Karena itu, perjuangan memperoleh ijazah linier bukan hanya persoalan mendapatkan gelar akademik. Bagi guru honorer seperti Eka, pendidikan tersebut juga menjadi investasi untuk masa depan.

Masalahnya, biaya kuliah tidak sedikit. Dengan penghasilan yang sangat terbatas, ia harus memutar otak agar tetap dapat membiayai pendidikan sekaligus memenuhi kebutuhan hidup.

Situasi ini memperlihatkan adanya tantangan besar bagi tenaga pendidik yang ingin meningkatkan kompetensinya tetapi memiliki keterbatasan ekonomi.

Tetap Mengajar di Tengah Kesulitan

Menjadi guru bukan hanya tentang menerima penghasilan.
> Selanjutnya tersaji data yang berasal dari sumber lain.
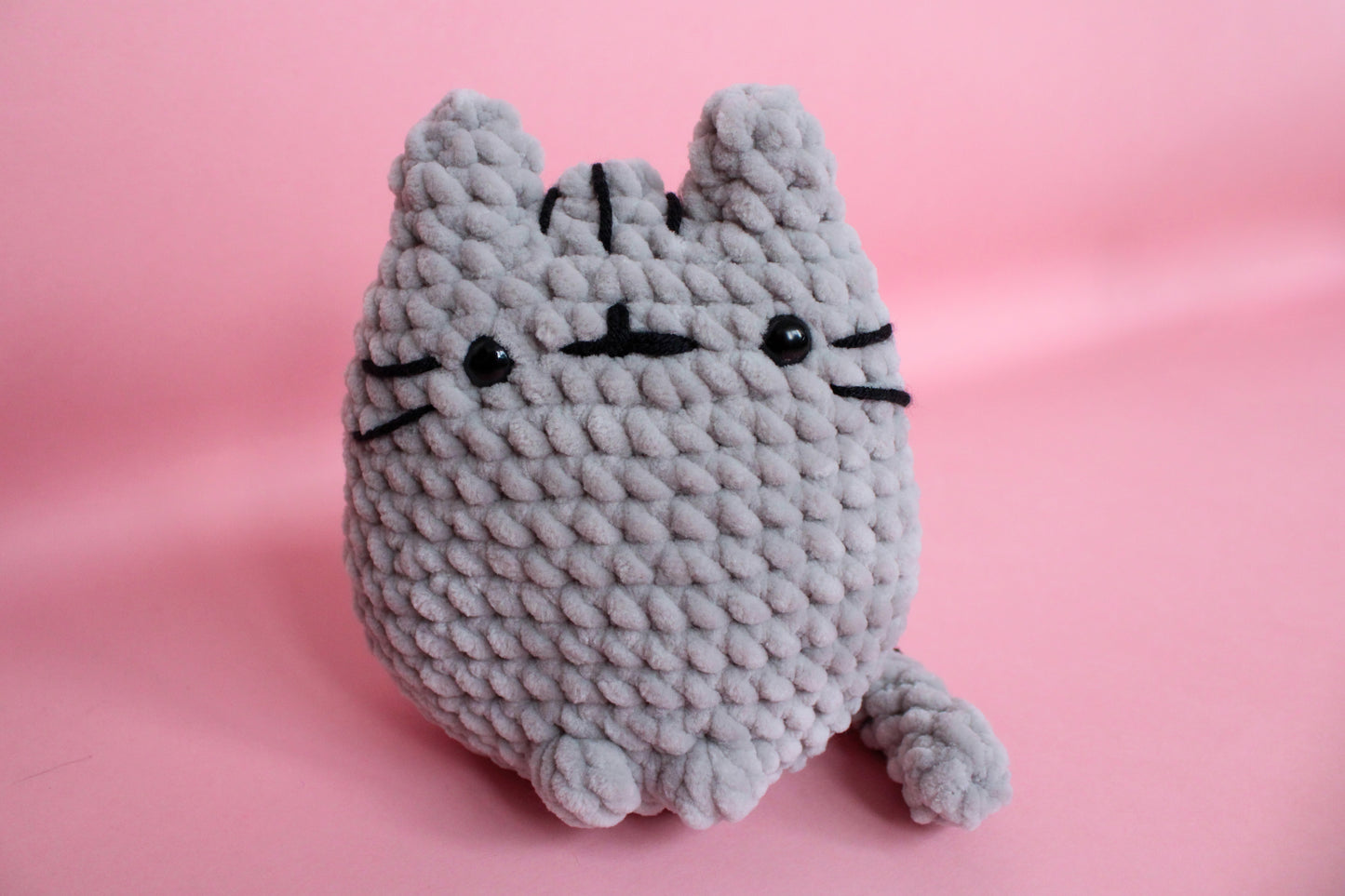 Pisică Pusheen croșetată din fir plușat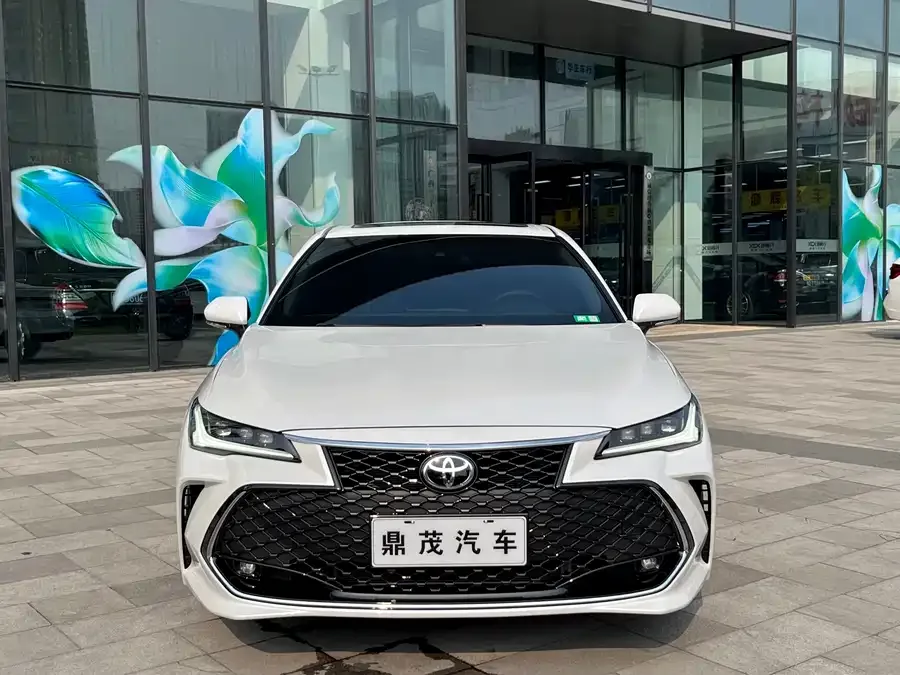 Toyota Avalon 2023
Ada tanggung jawab besar untuk mendidik dan mendampingi siswa.

Eka tetap menjalankan tugasnya meski kondisi finansialnya tidak mudah. Dedikasi seperti ini menjadi gambaran bahwa sebagian guru honorer masih bertahan karena memiliki kepedulian terhadap dunia pendidikan dan anak-anak yang mereka ajar.
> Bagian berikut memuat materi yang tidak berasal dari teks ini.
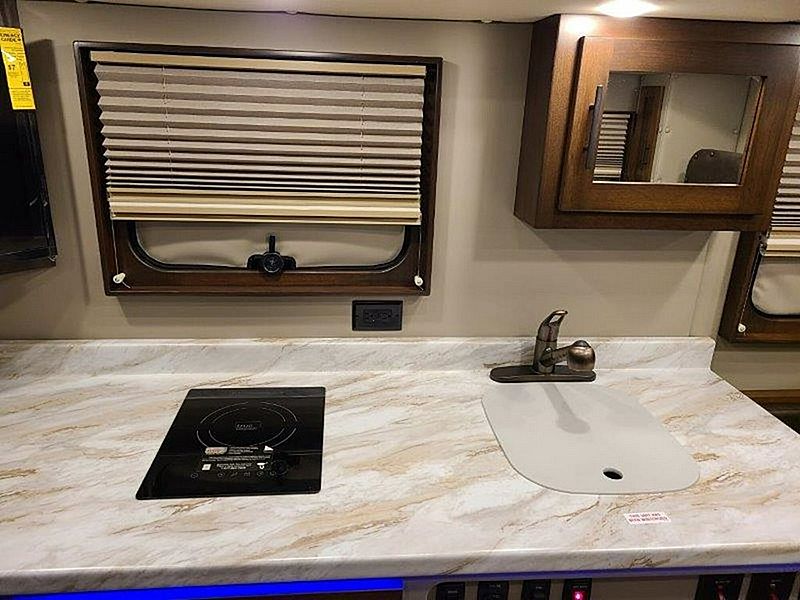 2024 Volvo Trucks VNL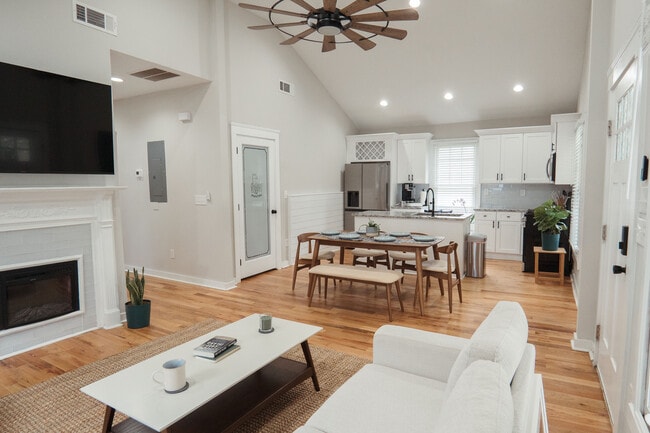 Photo - 733 Bonnie Brae Ave SW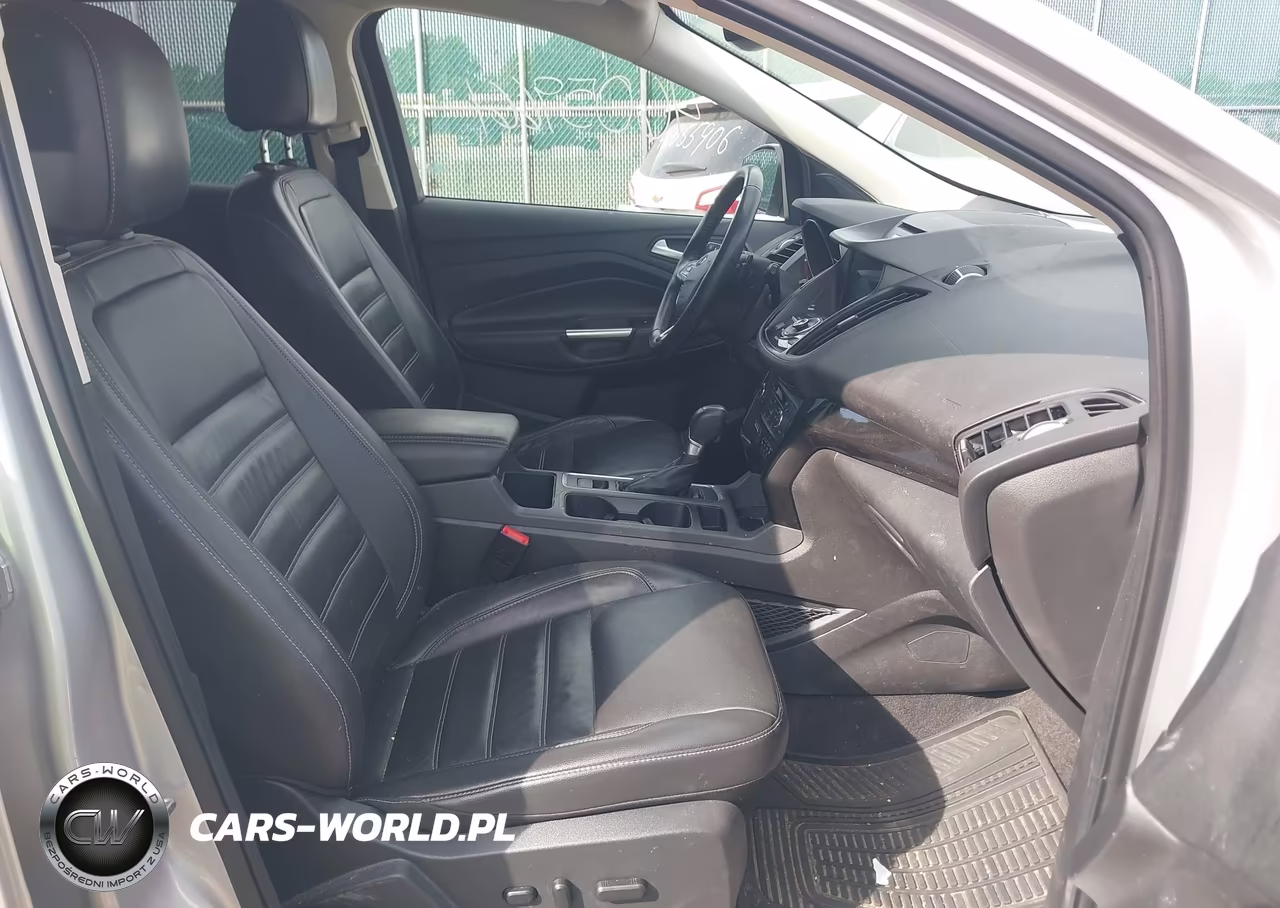 2017 Ford Escape Titanium VIN:1FMCU0JD7HUE22916 - 5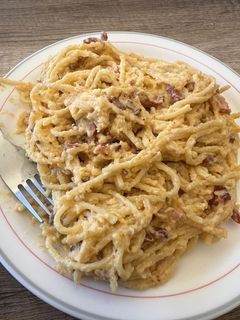 Una foto de Pasta a la carbonara tracional italiana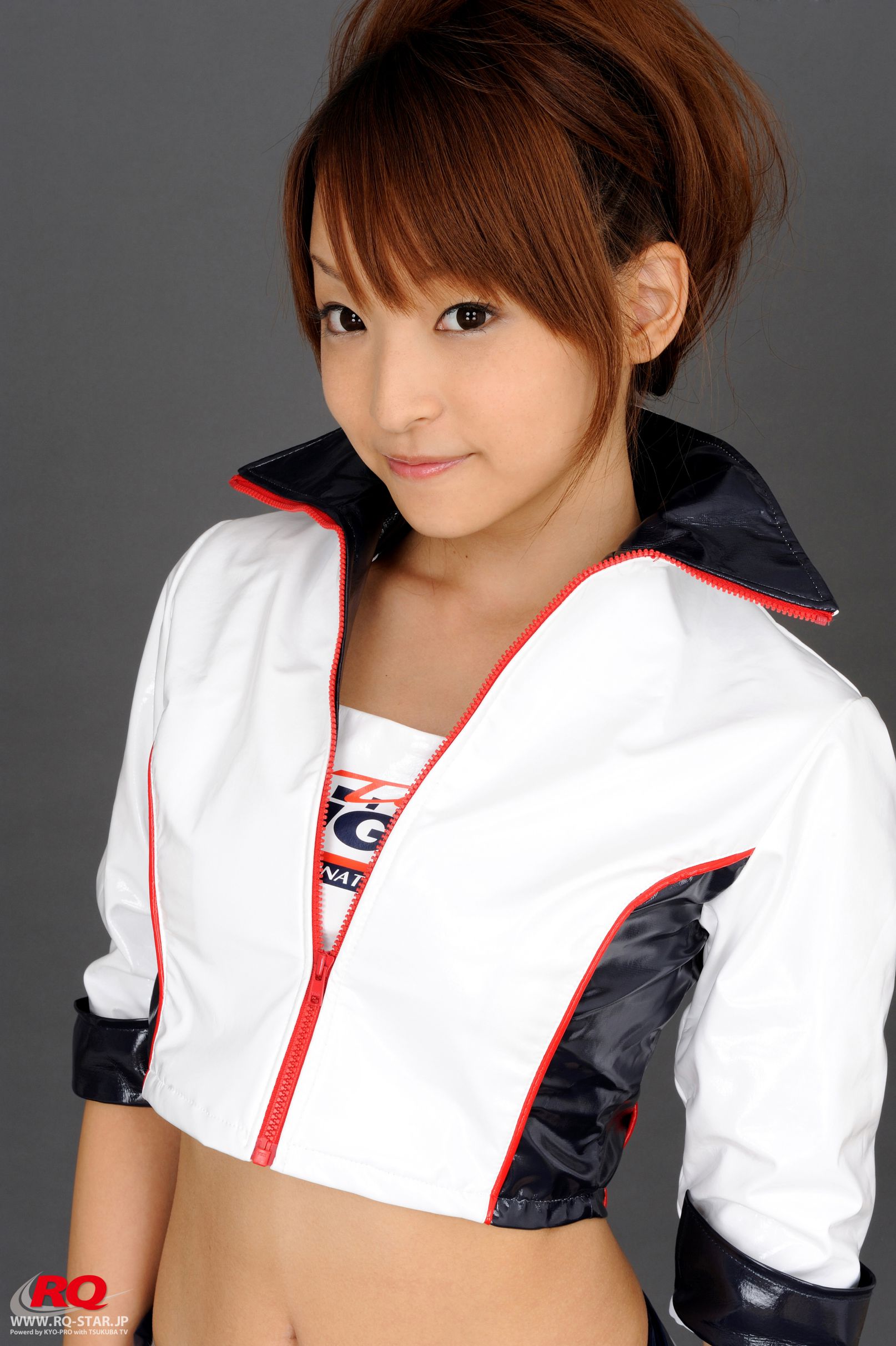 [RQ-STAR] NO.00080 Mio Aoki 青木未央 Race Queen – 2008 5Zigen  写真集2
Namun, dedikasi tentu perlu berjalan bersama dukungan yang layak. Guru membutuhkan penghasilan yang cukup, kesempatan meningkatkan kompetensi, serta lingkungan kerja yang dapat memberikan kepastian untuk menjalankan profesinya.

Perhatian terhadap Guru Honorer

Kisah Eka juga menjadi pengingat bahwa persoalan kesejahteraan guru honorer masih membutuhkan perhatian dari berbagai pihak.

Di Kota Solok, misalnya, terdapat program dukungan bagi guru honorer. Lazismu Kota Solok pada Maret 2026 menyalurkan bantuan kepada 21 guru honorer yang mengajar di sekolah Muhammadiyah. Masing-masing guru menerima bantuan sebesar Rp250.000 sebagai bentuk apresiasi terhadap dedikasi mereka. Program tersebut juga diarahkan untuk memberikan dukungan finansial secara berkelanjutan.

Bantuan semacam itu tentu tidak langsung menyelesaikan seluruh persoalan, tetapi dapat menjadi bentuk kepedulian terhadap tenaga pendidik yang berada dalam kondisi ekonomi sulit.

Pendidikan sebagai Jalan untuk Masa Depan

Perjuangan mendapatkan ijazah linier menunjukkan bahwa guru honorer juga memiliki keinginan untuk berkembang. Mereka tidak hanya ingin mengajar, tetapi juga berusaha meningkatkan kualifikasi dan kemampuan agar dapat memberikan pendidikan yang lebih baik kepada siswa.

Apa yang dilakukan Eka menjadi contoh bahwa keterbatasan ekonomi tidak selalu memadamkan semangat seseorang untuk terus belajar.

Kisah tersebut sekaligus menjadi refleksi bahwa kualitas pendidikan tidak dapat dilepaskan dari kesejahteraan gurunya. Guru yang mendapatkan kesempatan untuk berkembang akan memiliki ruang lebih besar untuk meningkatkan kompetensi dan memberikan pelayanan pendidikan yang lebih baik.

Perjuangan guru honorer di Solok ini pada akhirnya bukan hanya cerita mengenai seseorang yang menerima gaji Rp225.000 setiap bulan. Ini adalah cerita tentang ketekunan, tanggung jawab, dan keinginan untuk terus memperbaiki masa depan melalui pendidikan.